First layer of dual-skin facade

New Central Plant

Old Exterior

Rendering of finshed building

Tuesday, April 26, 2011

Downtown Plaza for Sale… again

According to the Wall Street Journal, the Westfield Group of Australia has begun seeking buyers for the Sacramento mall and 16 other underperforming centers in seven states.

Westfield's goal: Take advantage of an uptick in the economy to sell the properties, then use the proceeds to reinvest in more successful centers, such as its Galleria mall in Roseville.

Westfield officials had no comment. Neither did Evercore Partners, a New York-based advisory firm that's been hired to market the mall portfolio.

The news comes almost two years after city officials asked Westfield to find a buyer if it wasn't going to make long-discussed improvements. Westfield officials said then they'd sell "under certain circumstances."

It would be big surprised to me if the 39-year-old mall finds a buyer, but there could be some harsh finical forces at play that make it so Westfield has to shed the dead weight.

Thursday, April 21, 2011

K Street Mall Traffic

Tonight the Sacramento City Council will act to approve the implementation of a $2.7 million project  reintroduceing cars back onto K street between the 8th & 12th Streets.

The project includes:
• Two-way traffic
• Passenger Drop-offs (no parking)
• New signalized crossing at 11th and K streets
• Addition of edge treatments (possibly bollards, planters or street furniture) to fill large gaps
• ADA improvements at intersections

In my opinion, this is a terrible idea. The city has now thrown away another opportunity to provide pleasant, pedestrian, patio, public space for new businesses. The focus on K Street should be creating more affordable places to live with reasonable prices and removal of trouble makers and bums that have made this stretch of street worse than it really is. A densely populated area will change the atmosphere and draw more new business into the area. I’ve said all this before, so it really does not matter at this point.

Ordinance Amendment: Pedestrian Malls

Friday, April 15, 2011

Powerhouse Awarded $7 Million

The Powerhouse Science Center has been awarded a $7 million grant to pay for the first of three buildings in its planned $50 million science museum on the banks of the Sacramento River. The money comes from Prop. 84, a 2006 bond measure that provided $5 billion for water-quality projects, including public access to natural resources. The center is expected to open in 2013.

Tuesday, April 12, 2011

Railyards Preferred Site for New Courthouse

The city block bounded by H Street, 5th Street, G Street and 6th Street is now the preferred site for the new Sacramento Criminal Courthouse, the Administrative Office of the Courts (AOC) announced today. The site, Lot 41-Railyards, was endorsed today as the preferred site by the project advisory group, which includes members of the Superior Court of Sacramento County, city and county officials, and the AOC. The block, part of which is currently a city parking lot, is at the southernmost end of the Sacramento Railyards project, near existing court facilities and key justice partners, with ready access to transportation, including Amtrak, light rail, and bus service.
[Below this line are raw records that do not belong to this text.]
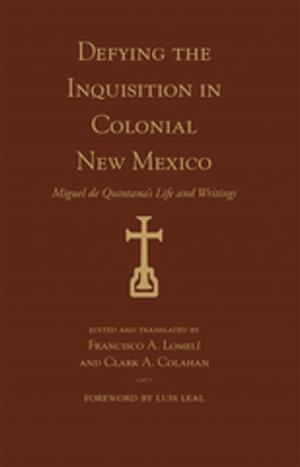Cover of the book Defying the Inquisition in Colonial New Mexico by Stacy B. Schaefer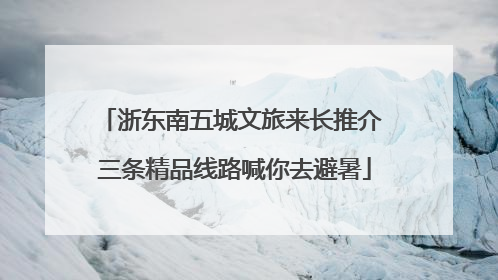 浙东南五城文旅来长推介 三条精品线路喊你去避暑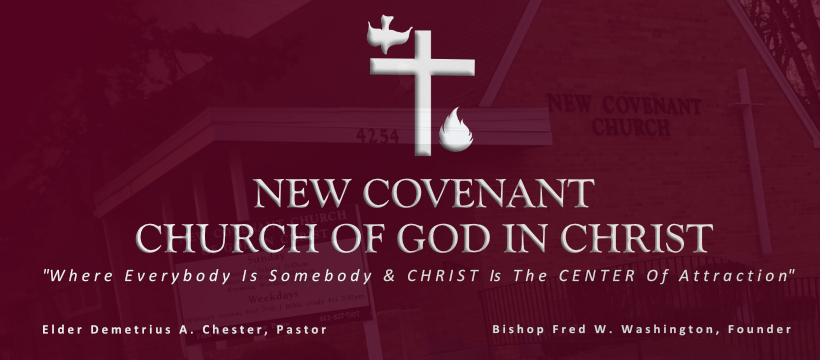 New Covenant Church of God in Christ | 4254 S 15th Ave, Minneapolis, MN 55407, USA | Phone: (612) 827-7107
The Railyards site has received strong support from community leaders, including a June 2010 resolution by the Sacramento City Council and the County of Sacramento in favor of the site for the new courthouse, because it would jump-start vertical development and provide an opportunity for a landmark building in the area. The city is working with the Railyards owner, Inland American, to relocate railroad tracks that currently run through the site.

“The Railyards is the most appropriate site for the new state criminal courthouse due to its close proximity to the county jail, sheriff’s department, District Attorney’s Office, and the Public Defender’s Office, as well as transit services, bail bond, and law offices,” said Supervisor Susan Peters.

The AOC recently published its draft environmental impact report (EIR) under the California Environmental Quality Act (CEQA), which includes two sites: the Railyards site and 301 Capitol Mall. The AOC will accept public comments on the draft EIR through May 24, 2011; a public meeting on the draft EIR is planned for May 4, 2011. The AOC must conclude its environmental review, complete due diligence and acquisition negotiations, and secure approval by the State Public Works Board before site acquisition can be completed and architectural design can proceed. The local architecture firm of Nacht & Lewis and the global firm of HOK already have been selected to design the proposed new courthouse.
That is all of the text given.